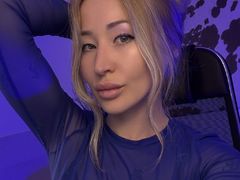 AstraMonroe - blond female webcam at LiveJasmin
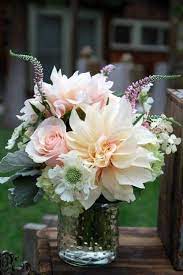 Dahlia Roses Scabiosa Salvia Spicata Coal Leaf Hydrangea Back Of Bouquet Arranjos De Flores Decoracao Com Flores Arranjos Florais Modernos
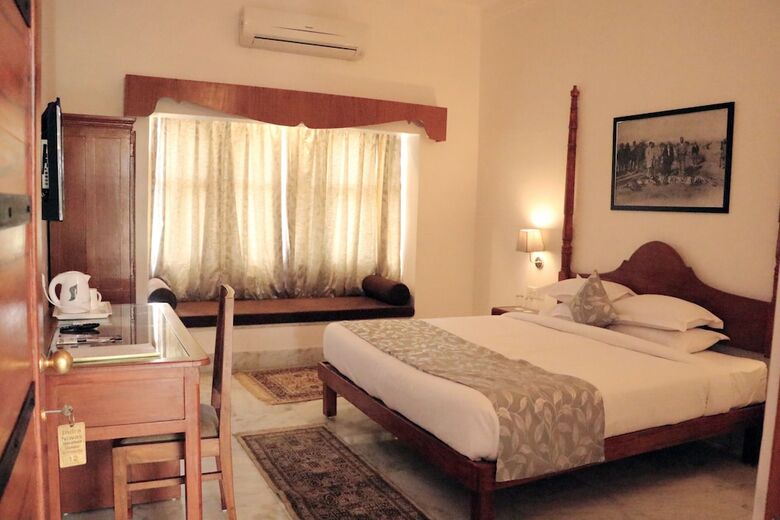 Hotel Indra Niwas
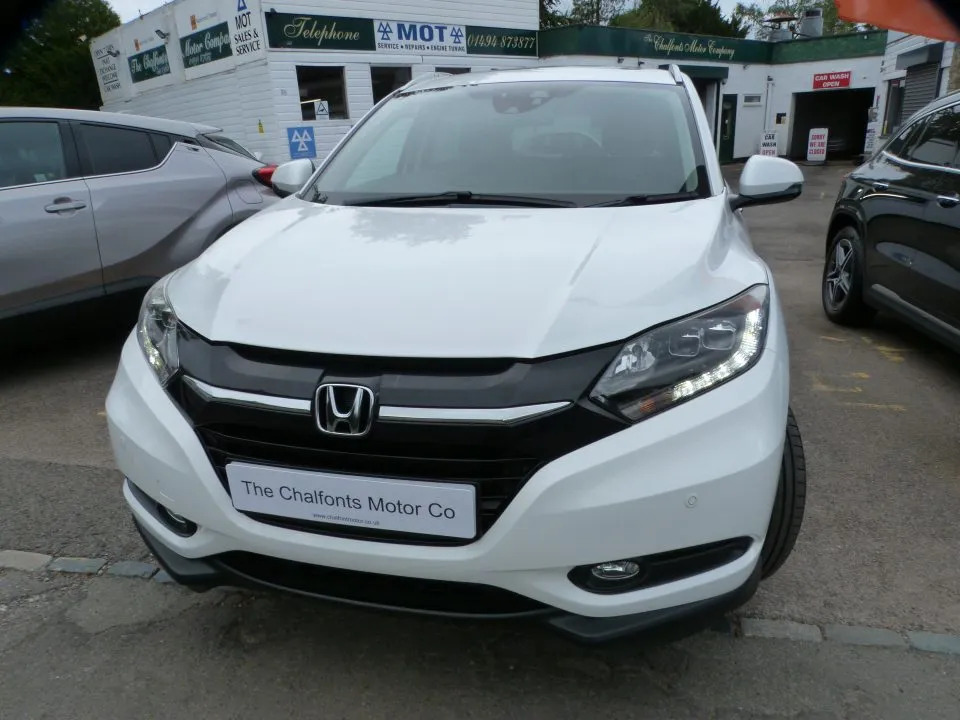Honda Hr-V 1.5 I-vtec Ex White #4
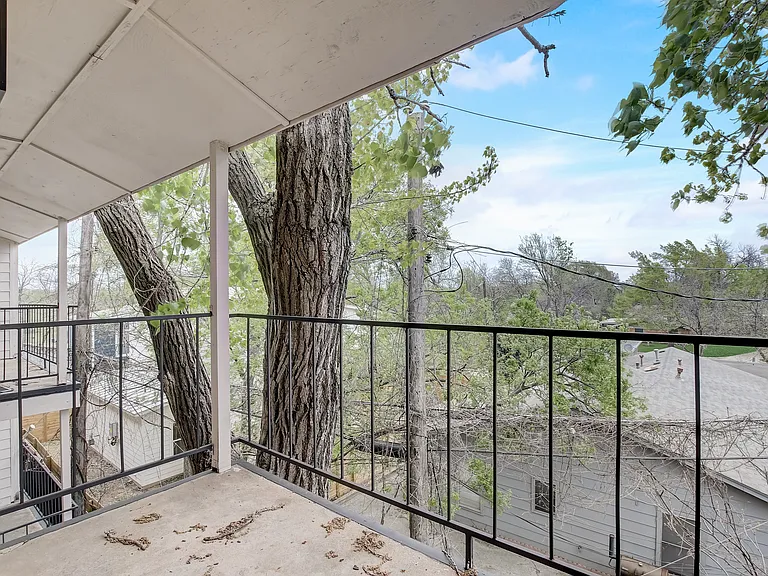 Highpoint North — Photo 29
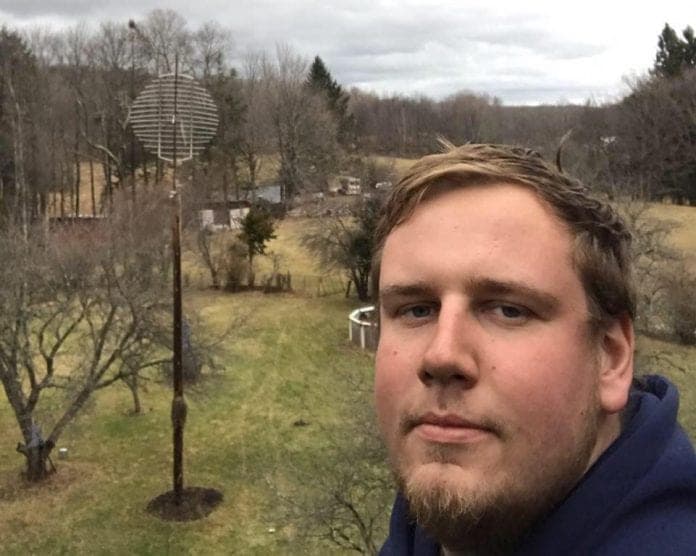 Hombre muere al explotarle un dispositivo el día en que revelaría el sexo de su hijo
==
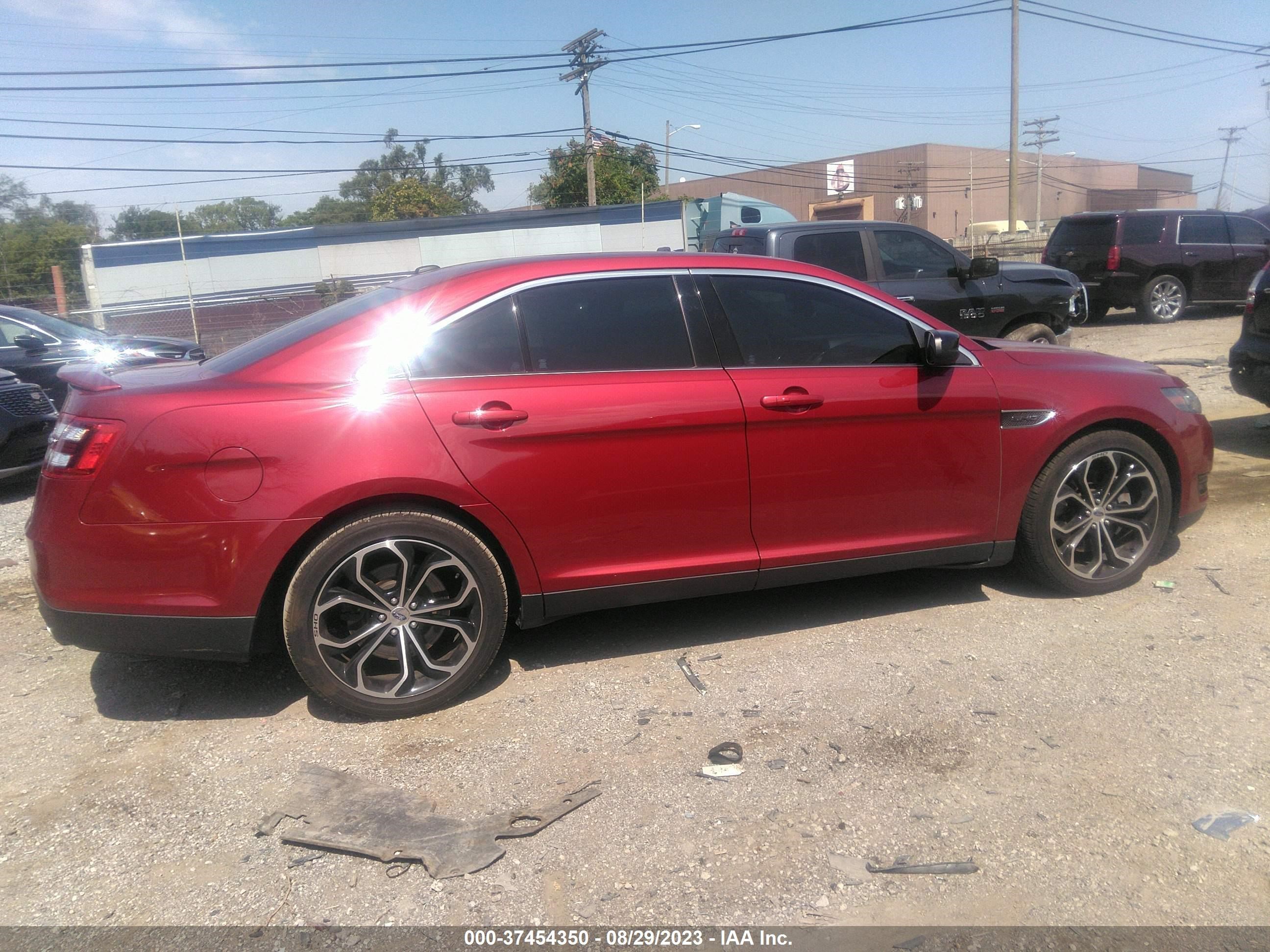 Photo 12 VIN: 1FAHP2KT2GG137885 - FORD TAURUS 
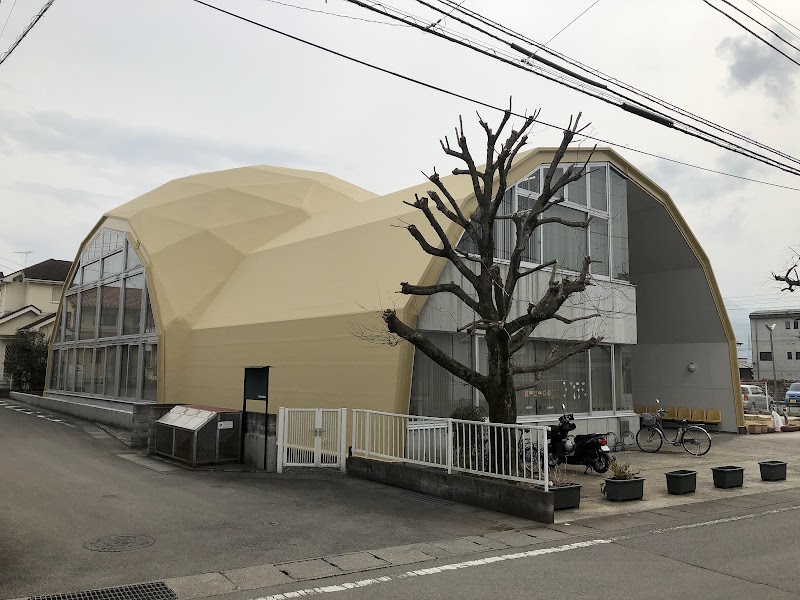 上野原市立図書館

→ PROBLEM DETAILS:
In the data above, find the line containing "AstraMonroe - blond" and the line containing "Highpoint North — Photo 29". Repeat those two lines and everything between them exactly, minus the pictures.

→ RESULT OF THIS TASK:
 AstraMonroe - blond female webcam at LiveJasmin
 Dahlia Roses Scabiosa Salvia Spicata Coal Leaf Hydrangea Back Of Bouquet Arranjos De Flores Decoracao Com Flores Arranjos Florais Modernos
 Hotel Indra Niwas
Honda Hr-V 1.5 I-vtec Ex White #4
 Highpoint North — Photo 29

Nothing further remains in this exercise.